Keep in mind that celebrities are still people. "Who they are as a person is not necessarily the personas or characters they project to the world – especially because those projections are often part of their jobs," Anderson-Carpenter says. "Another thing people can do is to examine what is it about the celebrities they dislike, because that hatred might be projections of their own areas of improvement."
Social media is not real life. "In today's media environment, people can pile on Twitter, and say they hate someone," Marcus says. "And that can seem like that's everyone, oh now everyone hates Anne Hathaway. But there's still like a kind of silent majority that really likes Anne Hathaway, thinks she's sweet. So it's really more about being polarizing than people just hate her."
Your hatred doesn't matter. "Sitting and fuming about a celebrity you hate is the definition of futile," Brown says. "It's not going to make that celebrity go away. It's not going to change other people's opinions. It has no effect on the celebrity whatsoever."

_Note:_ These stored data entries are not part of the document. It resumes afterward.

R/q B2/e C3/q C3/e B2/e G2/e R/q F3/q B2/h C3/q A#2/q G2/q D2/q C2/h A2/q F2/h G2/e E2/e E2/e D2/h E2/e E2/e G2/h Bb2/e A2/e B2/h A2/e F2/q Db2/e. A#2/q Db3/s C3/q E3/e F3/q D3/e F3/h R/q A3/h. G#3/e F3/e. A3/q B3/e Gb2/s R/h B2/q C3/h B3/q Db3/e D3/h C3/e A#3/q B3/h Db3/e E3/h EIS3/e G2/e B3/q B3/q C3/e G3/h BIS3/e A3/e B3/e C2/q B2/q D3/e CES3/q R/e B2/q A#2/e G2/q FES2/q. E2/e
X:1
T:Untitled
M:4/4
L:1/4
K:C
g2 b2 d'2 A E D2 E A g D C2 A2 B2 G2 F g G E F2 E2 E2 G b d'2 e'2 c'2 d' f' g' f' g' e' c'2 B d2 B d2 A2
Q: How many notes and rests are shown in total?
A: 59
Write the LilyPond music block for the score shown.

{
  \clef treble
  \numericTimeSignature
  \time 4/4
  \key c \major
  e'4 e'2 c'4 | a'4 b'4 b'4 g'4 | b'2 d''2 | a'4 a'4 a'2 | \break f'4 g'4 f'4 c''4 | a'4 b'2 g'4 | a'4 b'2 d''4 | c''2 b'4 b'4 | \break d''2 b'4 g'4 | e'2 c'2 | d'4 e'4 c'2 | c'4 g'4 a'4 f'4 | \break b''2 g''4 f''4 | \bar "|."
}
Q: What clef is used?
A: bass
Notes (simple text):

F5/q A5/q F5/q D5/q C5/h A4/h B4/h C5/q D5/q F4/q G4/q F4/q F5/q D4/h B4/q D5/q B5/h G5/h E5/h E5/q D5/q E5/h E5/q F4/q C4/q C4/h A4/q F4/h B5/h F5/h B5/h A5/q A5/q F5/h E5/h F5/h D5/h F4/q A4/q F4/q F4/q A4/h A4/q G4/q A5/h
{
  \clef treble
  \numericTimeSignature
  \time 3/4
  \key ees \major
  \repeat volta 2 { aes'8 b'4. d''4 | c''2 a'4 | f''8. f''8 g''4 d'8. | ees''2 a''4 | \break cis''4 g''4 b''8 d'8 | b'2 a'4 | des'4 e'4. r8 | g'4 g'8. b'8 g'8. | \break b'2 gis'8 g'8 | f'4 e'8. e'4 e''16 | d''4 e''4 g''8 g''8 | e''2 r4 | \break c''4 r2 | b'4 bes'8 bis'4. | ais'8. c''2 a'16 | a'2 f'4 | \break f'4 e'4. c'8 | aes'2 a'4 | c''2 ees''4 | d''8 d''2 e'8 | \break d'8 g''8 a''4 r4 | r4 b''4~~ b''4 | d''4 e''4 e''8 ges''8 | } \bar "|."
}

Redirect your energy. "If a person truly hates someone, that hatred can be channeled in ways that not only benefit themselves, but also society," Anderson-Carpenter says. "In that respect, the intense psychological effort needed to truly hate someone can be shifted so the focus is not on the person, but on the deed."
People can change. Be open to that. "If (Minaj) can be a better person and preferably act her age, then why not (stop disliking her)," Ify Anita says. "She’s human and humans aren’t perfect."
Still, some people – like Kate Eakins – can't stop. "James Corden turns up like mold in your apartment; somehow everywhere despite how much you bleach."